Starting a private company


There are broadly two types of private company:

  • private limited company
  • private unlimited company

A private limited company may be limited by shares or by guarantee.

Common features of private companies

In relation to set up and administration, a private company:

  • Must be registered with Companies House. You can register either via a paper application form or electronically using a third party with access to the necessary software. 
  • Does not have to appoint a company secretary but if one is appointed, this must be notified to Companies House.
  • Must file its accounts annually with Companies House. The accounts must be audited unless the company is exempt.
  • Must send an annual return to Companies House.

You can send your annual return and other documents to Companies House electronically using its WebFiling service - see filing company information using Companies House WebFiling.

Both types of private company must also have at least one member and at least one director.

Directors must notify Companies House of changes in the structure and management of the business.

Finance comes from shareholders, loans and retained profits. Any profits are usually distributed to shareholders in the form of dividends, apart from profits retained in the business as working capital.

If the company is active, it must tell HM Revenue & Customs (HMRC) that it exists and is liable to Corporation Tax.
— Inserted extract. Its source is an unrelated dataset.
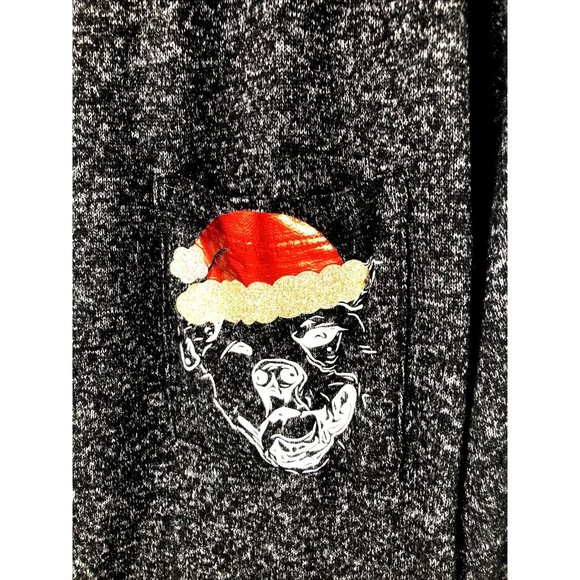 Christmas Sweater Women’s Stars And Above Size Large Bulldog Mom - Picture 2 of 7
Companies also need to comply with HMRC's requirements for PAYE for employers and VAT - see taxes.

Private limited companies

Limited companies exist in their own right. This means the company is legally separate from the people who run it, has separate finances from your personal ones and can keep any profits it makes after paying tax.

A company may be limited by shares or limited by guarantee:

  • A company limited by shares must have at least one shareholder. If you're the only shareholder, you'll own 100 per cent of the company. There's no maximum number of shareholders and all shareholders will need to pay for their shares in full if the company has to shut down.
  • A company is limited by guarantee if members' liability is limited to an amount the members agree to contribute to the company in the event of it being wound up.

For a company limited by shares, shareholders are not responsible for the company's debts unless they have given guarantees - eg a bank loan.

Shareholders may be individuals or other companies. However, shares cannot be offered to the general public.

Private unlimited companies

A company is an unlimited company if there is no limit on the liability of its members.

These companies are rare and usually created for specific reasons, so it's strongly recommended you take legal advice before creating one.

Tax and National Insurance for company directors

Company directors are regarded as an employed earner for the purposes of paying National Insurance contributions (NICs). This means that company directors must pay both Income Tax and Class 1 NICs on their director's earnings.

Company directors must complete a Self Assessment tax return each year. You will need to give details of the income from your directorship on the employment pages. Register for Self Assessment with GOV.UK.